You are viewing a plain text version of this content. The canonical link for it is here.
Posted to user@manifoldcf.apache.org by Francesco Fornasari <f....@tai.it> on 2015/07/31 15:02:37 UTC

Alfresco + ManifoldCF + ElasticSearch index mapping

Dear All,
we're newbie about ManifoldCF and ElasticSearch.
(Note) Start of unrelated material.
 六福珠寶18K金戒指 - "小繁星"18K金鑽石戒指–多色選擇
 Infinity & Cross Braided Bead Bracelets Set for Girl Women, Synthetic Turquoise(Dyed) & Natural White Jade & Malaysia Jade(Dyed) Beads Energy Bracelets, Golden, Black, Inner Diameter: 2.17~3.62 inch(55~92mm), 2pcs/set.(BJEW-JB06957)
We configured successfully the ManifoldCF + ElasticSearch + Alfresco
5.0.1 architecture. But, we aren't able to get metadata from
ElasticSearch index.

In details:

1) we configured a cmis query in ManifoldCF "SELECT mcf:numeromittente,
mcf:pagine FROM mcf:fax" for the job crowler.
2) the job works right and founds documents.
3) we configured the elastic search index mapping,
http://manifoldcf-es.tainet:9200/index/generictype/_mapping :

{
  "generictype" : {
    "properties" : {
      "mcf:numeromittente" : {
        "type" : "string"
      },
      "mcf:pagine" : {
        "type" : "integer"
      }
    }
  }
}

4) the http://manifoldcf-es.tainet:9200/index/generictype/_mapping API
returns a JSON that includes all subset of properties

{"properties":{"_content":{"type":"string"},"_content_type":{"type":"string"},"_name":{"type":"string"}}},"mcf:numeromittente":{"type":"string"},"mcf:pagine":{"type":"integer"}}}}


5) we call the
http://manifoldcf-es.tainet:9200/index/generictype/_search API :

{
    "query": {
        "query_string": {
            "query": "v2.5.6_ReleaseNotes.txt",
            "fields": []
        }
    }
}

but the API returns a JSON that doesn't contain mcf property values:

"file" : {"_content_type" : "text\/plain","_name" :
"v2.5.6_ReleaseNotes.txt", "_content" : "...." }

So, could you explain us how we can include into the elasitc search
query result also mcf:numeromittente and mcf:pagine properties?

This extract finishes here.